Et gare à l’élitisme, parce qu’une Europe humaniste, c’est une Europe des identités plurielles, c’est une Europe du prestige, une Europe populaire. La liberté à laquelle engage l’humanisme, est une liberté du savoir-vivre, et même du savoir-bien-vivre. La liberté de faire de la fête, de s’amuser et d’osciller entre le tragique qu’imposent les aléas de l’existence et le légèreté de vie que nous choisissons. Le savoir-bien-vivre à l’européenne, c’est ouvrir une bonne bouteille de rouge pour la boire entre amis, c’est fumer des clopes si on veut, c’est rouler en grosses bagnoles, comme c’est aussi se soucier de l’écologie.
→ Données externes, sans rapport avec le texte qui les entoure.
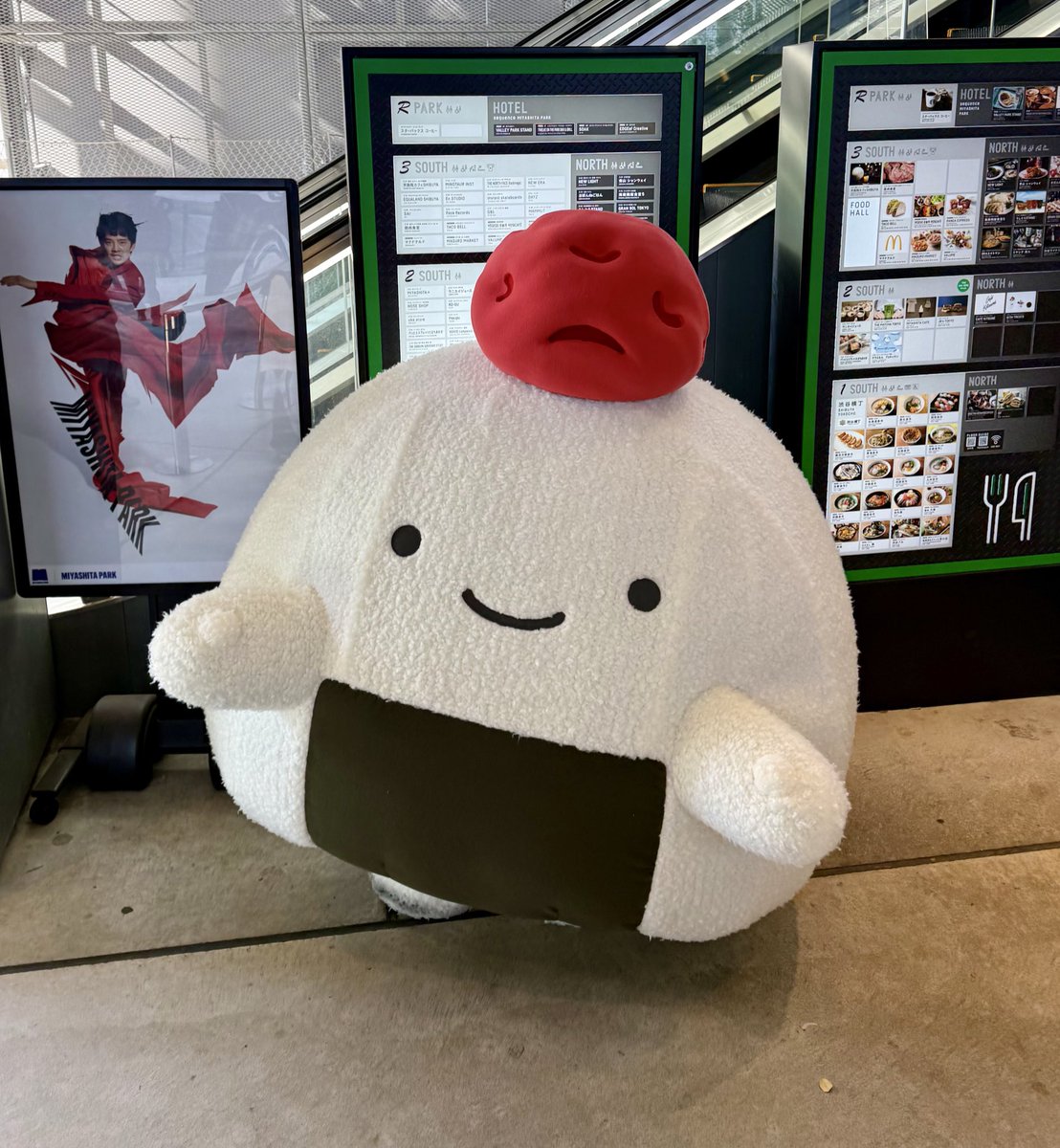Norionigiri, a giant sentient rice ball, appeared today at Norionigiriyasan onigiri takeout shop in Shibuya.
La vie européenne, c’est l’enracinement dans nos territoires, c’est les joies du voyage. La tranquillité d’une vie familiale et l’aventure d’un célibataire en folie. De l’ouvrier au notable, de l’enfant au vieillard, chacun doit trouver sa juste place dans l’Europe humaniste. Une place digne. Une place fière. D’où l’on entonne un Hymne à la joie.

«C’est cela que nous voulons: que l’ardeur revienne. Que l’Europe s’anime, change, et soit, à nouveau, pour le monde entier, le visage lumineux, de l’audace, de l’esprit, et de la liberté».


Laurent Gaudé, Nous l’Europe. Banquet des peuples. Editions Actes Sud, 183 pages (2019).